Nutritional Value of Bulgur Wheat
Bulgur is a cereal grain that has been used as a food staple for several years as it provides an inexpensive source of low-fat protein, making it a healthy nutritious addition to a low-calorie meal plan. Bulgur is actually whole wheat kernel that is cooked and dried and then made available for consumption. It is a super food for controlling blood sugar levels because of the low glycemic index. Low in calories and fat and rich in protein and fiber, bulgur is one of the most important foods that provide nutrients and bulk to fill one up without adding pounds. Therefore, it must be included in the daily diet menu to lose weight. A cup bulgur contains less fat, fewer calories, and more than twice the insoluble fiber of brown rice.
- High fiber content: One of the things that stand out about bulgur is its high fiber content.
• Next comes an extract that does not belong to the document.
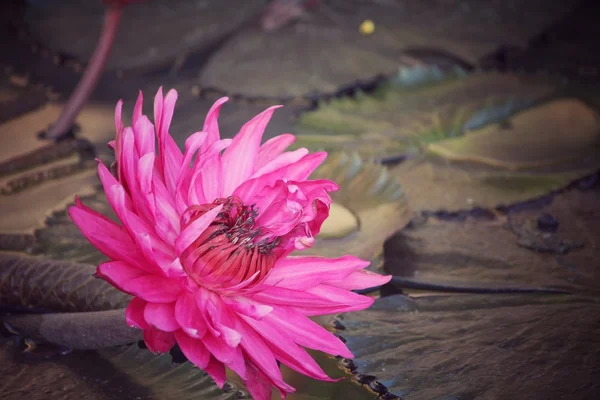 Flores de lótus — Fotografia de Stock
Two cups of cooked bulgur contain more than 10 grams fiber. Dietary fiber brings multiple benefits to the body.
- Macronutrient profile: carbohydrates, fat and protein are the macronutrients that provide the body enormous energy and support the functions of the brain. Bulgur is rich in slow-digesting, complex carbs. It contains the huge amount of protein and is extremely low in fat.
- Potassium: potassium is a mineral that promotes heart function, strengthens the bones and aids in the contractions of muscles. One cup bulgur contains 124 milligrams potassium.
- High in iron: Iron is mainly found in animal meats, but bulgur has a generous amount of iron.
- Zinc content: Zinc is an essential mineral that helps with protein synthesis, immunity boosting and cell division. Whole grains like bulgur has huge amounts of zinc. One cup bulgur contains just over 1 milligram zinc.
- Niacin: vitamin B3 is commonly known as niacin. This vitamin helps break down protein and fat for the energy, and it is also important for the production of sex hormones. One cup bulgur contains just over 1 milligram niacin.